**About this exercise**: Transcribe everything in the listing as written, and let no image into the copy.

**Data shown**:
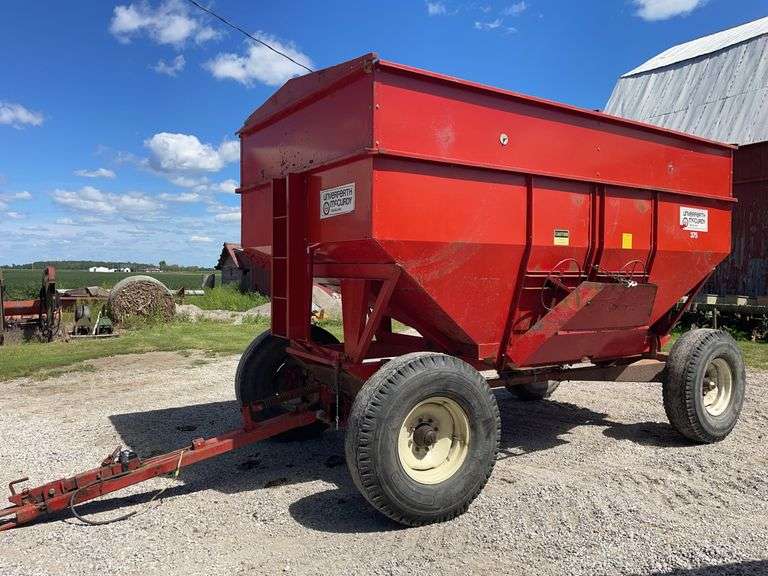 Unverferth McCurdy Wagon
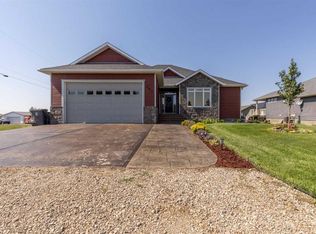 245 N 6a St, Stirling, AB T0K2E0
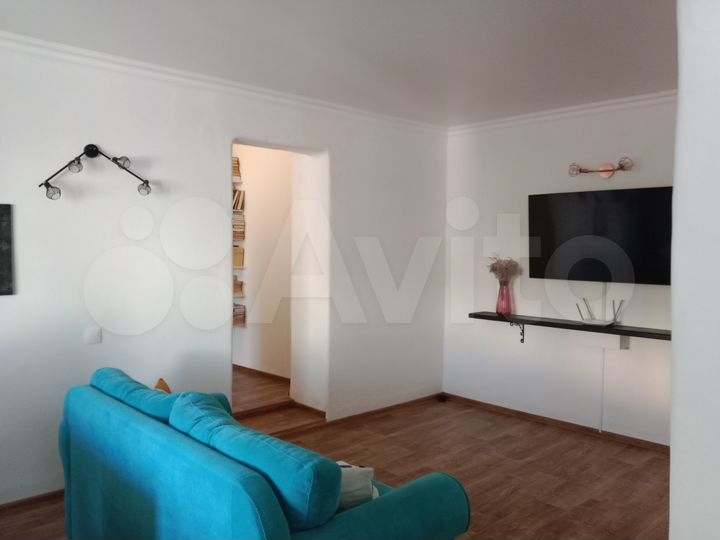 2-к. квартира, 56 м², 5/5 эт.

**Solution for this task**:
 Unverferth McCurdy Wagon
 245 N 6a St, Stirling, AB T0K2E0
 2-к. квартира, 56 м², 5/5 эт.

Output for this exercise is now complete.